3.5.4 Functions for rounding and truncating

round(), ceiling(), floor(), trunc()

Study the help files of the above functions. Check all arguments.

3.5.5 Functions for matrices

Study Table 3.5 in detail.

Two other functions that play an important role in matrix calculations are the functions rbind() and cbind() for concatenating matrices row-wise or column-wise. Also revise the functions matrix(), dim(), dimnames(), colnames(), rownames() as well as scan() and read.table().

Table 3.5: Functions for matrices.
Function What it does
chol() Cholesky decomposition
crossprod() Matrix crossproduct
diag() Create identity matrix, diagonal matrix or extract diagonal elements depending on its argument
eigen() Finding eigenvectors and eigenvalues
kronecker() Computing the kronecker product of two matrices
outer() Outer product of two vectors
scale() Centring and scaling a data matrix
solve() Finding the inverse of a nonsingular matrix
svd() Singular value decomposition of a rectangular matrix
qr() QR orthogonalization
t() Transpose of a matrix
  1. The function chol() performs a Cholesky decomposition of the square, symmetric, positive definite matrix \(\mathbf{A}=\mathbf{U}'\mathbf{U}\) where \(\mathbf{U}\) is an upper triangular matrix.

  2. The function crossprod (A, B) returns the matrix \(\mathbf{A'B}\).

  3. The function diag(arg) performs various actions depending on its argument: if arg is a positive integer diag(arg) returns an identity matrix of the given size; if arg is a vector diag(arg) returns a diagonal matrix with diagonal elements the respective elements of the given vector; if arg is a matrix then diag(arg) returns a vector containing the diagonal elements of the given matrix.

  4. What is the difference between diag(A) and diag(diag(A)) where A is a square matrix?

  5. The function eigen() operates on a square matrix and returns a list with named elements values and vectors containing respectively, the eigenvalues and eigenvectors. Study the help file of eigen() carefully.

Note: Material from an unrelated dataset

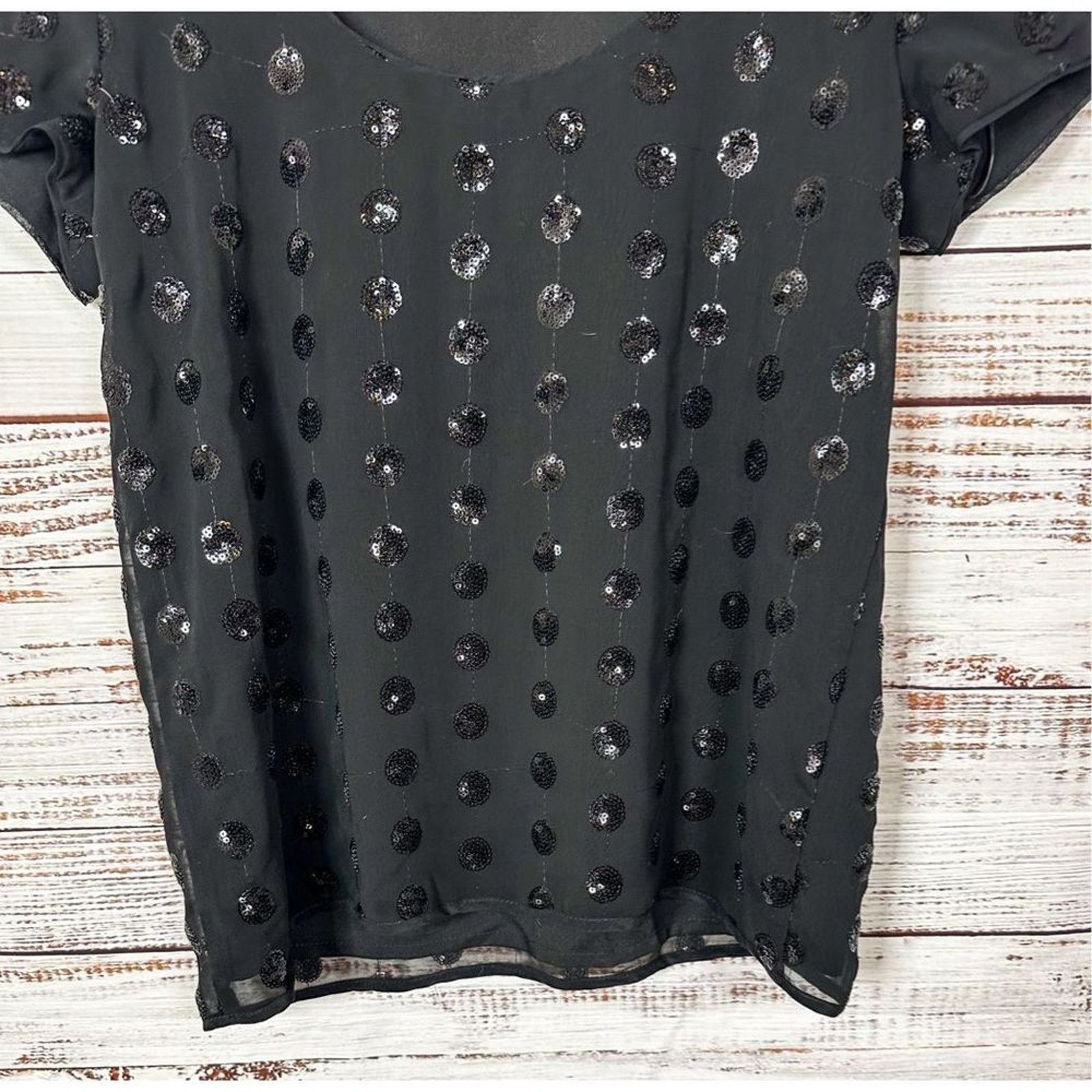 MILLY Milly Scoop Neck Sequin Dot Tee Blouse Black Size 6 NWT Size M / US 6-8 / IT 42-44 - 11 Thumbnail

  6. The function kronecker() returns the Kronecker product \(\mathbf{A} \otimes \mathbf{B}\) of matrices \(\mathbf{A}\) and \(\mathbf{B}\).

  7. The function outer (x, y, f) operates on two vectors \(x:n\times 1\) and \(y:p\times 1\) to return a matrix of size \(n \times p\) with \(ij\)th element the result of applying the function f on x[i] and y[j]. The default for f is *.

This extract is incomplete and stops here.